The United States Justice Department recently disclosed that the large health insurance company Humana Inc. is under investigation for potentially defrauding Medicare. The Justice Department is currently examining the U.S. False Claims Act (FCA) violation of three companies alleged with committing Medicare fraud including Aetna Inc., Health Net Inc., and Bravo Health Inc. which is a division of Cigna Corp. A Humana spokesperson said in an emailed statement that the company has publicly disclosed it was part of an investigation by the United States Justice Department. Statistics suggest that the FCA has been the most successful weapon in combatting fraud against taxpayers with more than $40 billion recovered by the United States government since 1986 due to false claim lawsuits.

 

The Role of the False Claims Act

The False Claims Act prohibits any individual or business from submitting or causing another person to submit to the government a fraudulent claim for payment. These allegations can apply to a variety of types of goods, services, and government contract. In the case of Humana and these other cases, the alleged payment that violated the FCA concerns payment received through Medicare.

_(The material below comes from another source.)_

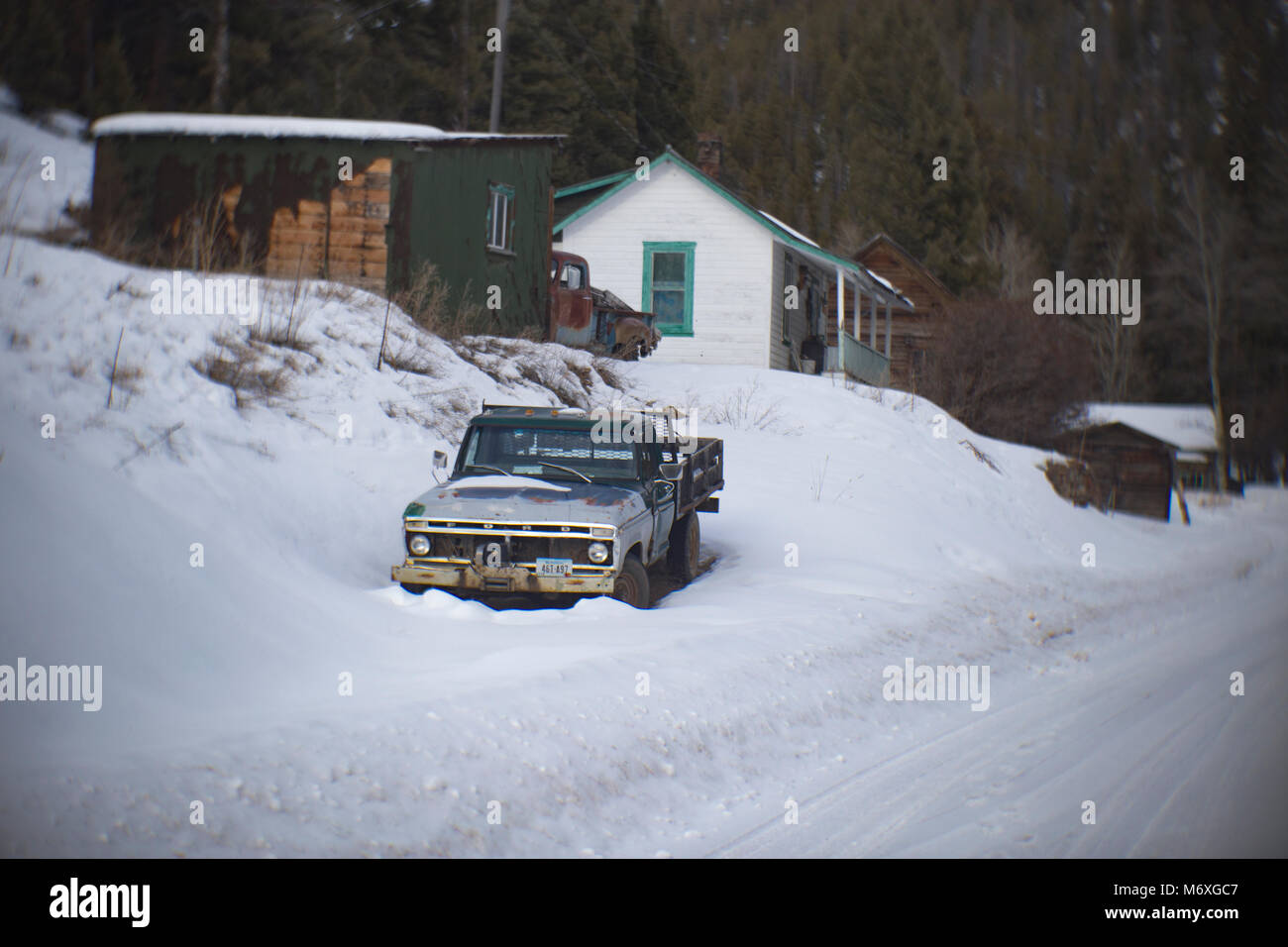 A 1978 Ford F150 stake side pickup truck, covered in the snow, in the old mining town of Tower, Granite County, Montana. Stock Photo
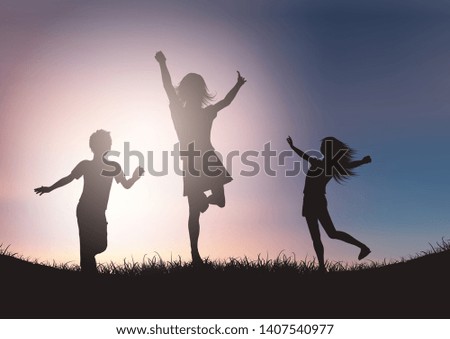 Silhouettes of children playing against a sunset sky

Types of Ways that Companies Defraud Medicare

There are a variety of ways in which corporations have attempted to defraud federal health care programs like Medicare. Some of the most common types of fraudulent conduct include the following:

  • Ghost Patients. Companies sometimes perform this kind of activity by reporting the patient who did not receive service alleged were treated or in some cases healthcare companies even create fictional patients.

  • Kickbacks. Federal law prohibits any receipt of property that is designed to reward the referral of patient or healthcare services payable by a government program like Medicare.

  • Medicare D Fraud. Medicare D involves a new outpatient prescription drug program known as “Part D” of Medicare. Private entities receive payments from Medicare for the prescription drug benefit services that are provided to Medicare beneficiaries. Medicare D is suspected to be particularly susceptible to a variety of fraudulent activity including duplicate billing, enrollment fraud, improper rebates, and overcharging.

  • Submissions for Services Never Rendered. This process involves submitting claims for medical treatment that was never actually rendered.

  • Up-Coding Services. Billing is performed by the government and private companies like Humana in a particularly complex number. The government assigns a specific dollar amount to each type of procedure. Up-coding occurs when a health care provider submits a claim for medical treatment that represents more expensive treatment than was actually provided to a patient.

The Assistance of an FCA Skilled Legal Representation

The FCA has been so effective in combating fraud because the Act encourages ordinary citizens to file lawsuits in the name of all taxpayers. At Whitcomb, Selinsky, Law, PC, our practice helps those who are faced with a variety of obstacles including the claims act. To obtain the assistance of skilled legal representation today, contact our law office by submitting our online form or calling us at (866) 476-4558.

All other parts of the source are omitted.